20 Regent Terrace, Edinburgh is a Grade A listed building in the City of Edinburgh local planning authority area, Scotland. First listed on 16 December 1965. Townhouse. 7 related planning applications.
20 Regent Terrace, Edinburgh
- WRENN ID
- muted-niche-dock
- Grade
- A
- Local Planning Authority
- City of Edinburgh
- Country
- Scotland
- Date first listed
- 16 December 1965
- Type
- Townhouse
- Source
- Historic Environment Scotland listing
Description
20 Regent Terrace, Edinburgh
Number 20 Regent Terrace is a Grade A listed building designed by William Playfair in 1825 and constructed between 1826 and 1833. It forms part of a long terrace of 34 classical townhouses, each of three bays. The terrace was originally conceived as predominantly two-storey buildings with attic and basement storeys, though many have since received additional third storeys in later years. Number 20 retains its original two-storey and attic elevation. The terrace is punctuated by two substantial pavilion sections of three storeys (at numbers 11–16 and 23–28), each with advanced three-bay sections at either end, and a twelve-bay three-storey section at the western end (numbers 1–4). The terrace steps down at intervals to follow the slope of the road.

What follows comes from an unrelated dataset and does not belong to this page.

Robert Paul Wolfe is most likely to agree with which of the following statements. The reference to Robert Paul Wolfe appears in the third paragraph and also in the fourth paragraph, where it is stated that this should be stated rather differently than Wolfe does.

The principal elevation features painted droved ashlar to the basement and polished ashlar to the upper floors. The rear elevation is predominantly coursed squared rubble with dressed margins. The principal elevation is decorated with a base course, dividing bands between each storey, and a cornice between ground and first floors. The first floor is distinguished by a continuous cast-iron trellis balcony with a Greek key border. A band course sits above the first floor windows, with an eaves cornice and blocking course above. The doorpiece displays fluted attached Greek Doric columns. Fenestration is regular throughout, with architraved windows to ground and first floors and panelled aprons to ground floor windows. The rear elevation similarly features predominantly regular fenestration.

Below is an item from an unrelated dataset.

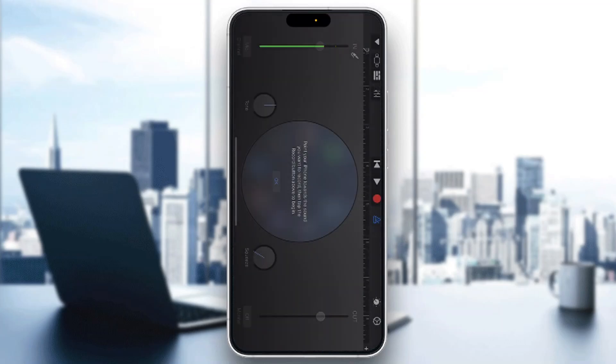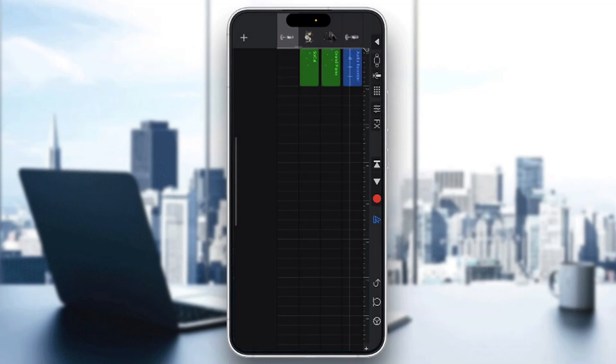I'm going to open up the audio recorder, which is going to open up the recording interface where we can start recording. Then I'll go to the upper left corner and click on edit mode to open up the mixing view where I can find all my tracks.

The southeast principal elevation shows a two-storey, attic and basement composition. The basement contains a timber-panelled door with a three-light fanlight in a segmentally-headed opening to the centre bay, with windows to the left and right bays. The ground floor has a door to the right bay accessed by steps and a platt overarching the basement recess; this is a two-leaf timber-panelled door with a triple-circle glazed letterbox fanlight. The attic floor contains two canted dormer windows. The northwest rear elevation comprises a two-bay elevation with an eaves course.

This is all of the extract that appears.